Non voler avere una visione più complessiva, che consideri il superamento delle dinamiche nazionali a favore di una reale azione congiunta a livello europeo, mostra, a mio avviso, una miopia di fondo, di cui l’iniziativa lituana in chiave anti bielorussa – cui si sono agganciati anche Grecia e Cipro in via strumentale e in chiave anti turca- è solo l’ultimo passaggio. In questo contesto di blocco, ciò che mi pare positivo è l’approccio della Ministra Lamorgese, che sta svolgendo un’azione coordinata con Spagna e Malta, e che già ieri sul contenuto della lettera dei dodici, ha ricordato che la migrazione è questione ampia e ben più complessa con Paesi che hanno frontiere marittime e che non mettono cancelli sul mare. Possiamo fantasticare su qualsiasi barriera fisica e pure inventarci dei bastioni in mare, ma la questione migratoria, anche con la crisi afgana si complica notevolmente. Solo ieri l’attentato terroristico a in una moschea sciita a Kunduz ha causato la morte di almeno 50 persone e centinaia di feriti. Come dovrebbero reagire? Ciascuno scapperebbe. E di certo nell’incertezza di come procedere nell’affrontare una situazione così terrificante, l’Italia si è comportata bene, portando in salvo migliaia di profughi afghani e promuovendo la proposta di uno strumento di monitoraggio. Inizialmente pensata come l’istituzione di una Commissione di monitoraggio, ha portato alla proposta di nomina di uno Special Rapporteur, fortemente spinta dal sottosegretario Benedetto Della Vedova e che, grazie anche all’impegno della Farnesina col Ministro Di Maio, ha condotto alla firma di uno Joint Statement firmato da 47 Stati membri.

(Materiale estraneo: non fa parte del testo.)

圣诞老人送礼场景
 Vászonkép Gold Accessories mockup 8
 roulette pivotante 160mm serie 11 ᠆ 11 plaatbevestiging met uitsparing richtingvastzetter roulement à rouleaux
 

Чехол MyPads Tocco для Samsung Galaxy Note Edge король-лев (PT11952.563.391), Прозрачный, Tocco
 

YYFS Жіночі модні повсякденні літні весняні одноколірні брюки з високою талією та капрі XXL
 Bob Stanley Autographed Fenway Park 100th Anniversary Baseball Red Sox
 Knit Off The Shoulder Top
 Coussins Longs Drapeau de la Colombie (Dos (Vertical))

Perché il vero rischio adesso non sono i flussi migratori, anche dall’Afghanistan, considerati genericamente, ma poter continuare a guardare a come possa evolvere la situazione in quell’area, con un governo dei talebani che vede terroristi tra i propri ministri. In un Afghanistan in cui gli stessi clan sono divisi e il rischio possa scoppiare una guerra civile è altissimo. Peraltro è indubbio che l’Afghanistan sta pencolando verso l’alleanza asiatica piuttosto che verso l’Occidente. Ecco perché penso che sia imprescindibile trovare un minimo comun denominatore altrimenti ognuno andrà per conto suo, noi europei compresi. Pensare che chiudersi in un bunker sia la soluzione, magari continuando a finanziare quei paesi terzi con lo scopo di fuggire al loro ricatto, lo trovo davvero utopistico. Spero che almeno l’imponenza della crisi afgana, con le conseguenze che, più di ogni altra crisi, sono lampanti, se non altro per il mutato ordine geostrategico e geoeconomico a livello mondiale, possa servire a ritrovare una visione unitaria che permetta all’Unione europea di avere un ruolo decisivo per l’avvenire.